How I use AI coding agents in real workflows, where they help most, and why controlled collaboration matters more than hype.

2024-06-18 · 4 min read

I use AI daily, but my workflow is not "let autocomplete drive." The practical value came from treating AI as a scoped collaborator, not an oracle. Once I switched to that framing, output quality and iteration speed both improved.

1) Why autocomplete never clicked for me

Inline autocomplete is useful for tiny fragments, but it often interrupts deep reasoning. When I am still shaping architecture or constraints, aggressive completion increases churn: I edit and re-edit the same thought before it stabilizes. That tradeoff is acceptable for boilerplate, less so for system decisions.

2) What changed with agent-style tools

The big shift was moving from token-level suggestions to task-level execution.
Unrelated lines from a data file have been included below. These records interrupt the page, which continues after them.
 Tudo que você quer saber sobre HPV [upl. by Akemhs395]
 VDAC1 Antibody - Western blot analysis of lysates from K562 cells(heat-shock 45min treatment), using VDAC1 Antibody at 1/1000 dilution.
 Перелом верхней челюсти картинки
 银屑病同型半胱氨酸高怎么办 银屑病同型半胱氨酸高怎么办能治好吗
Modern agents can read context, produce a first implementation pass, and surface diffs you can review against explicit constraints. That turns AI from "constant suggestion stream" into "bounded work unit."
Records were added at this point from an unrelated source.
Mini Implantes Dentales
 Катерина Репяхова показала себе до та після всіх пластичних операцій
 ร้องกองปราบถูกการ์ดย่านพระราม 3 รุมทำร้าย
3) Where I get the most leverage

AI tends to perform best when success is concrete and testable. My highest-yield use cases are:

  • scaffolding initial structure,
  • repetitive refactors with clear invariants,
  • log-driven debugging passes,
  • and generating alternatives under fixed constraints.

When the definition of done is measurable, AI compresses cycle time. When the target is vague, it tends to produce confident noise faster.

4) Why human control still dominates outcomes

The model can generate options. The engineer still owns correctness, scope, and long-term maintainability. Without system understanding, it is easy to accept plausible but wrong changes. With system understanding, AI becomes a reliable accelerator.

5) The loop I actually run

My default loop is simple:

  1. define intent and constraints,
  2. request a draft for a bounded task,
  3. review against architecture and failure modes,
  4. validate aggressively before merge.

Same engineering standards, faster first passes. Less hype, more operational utility.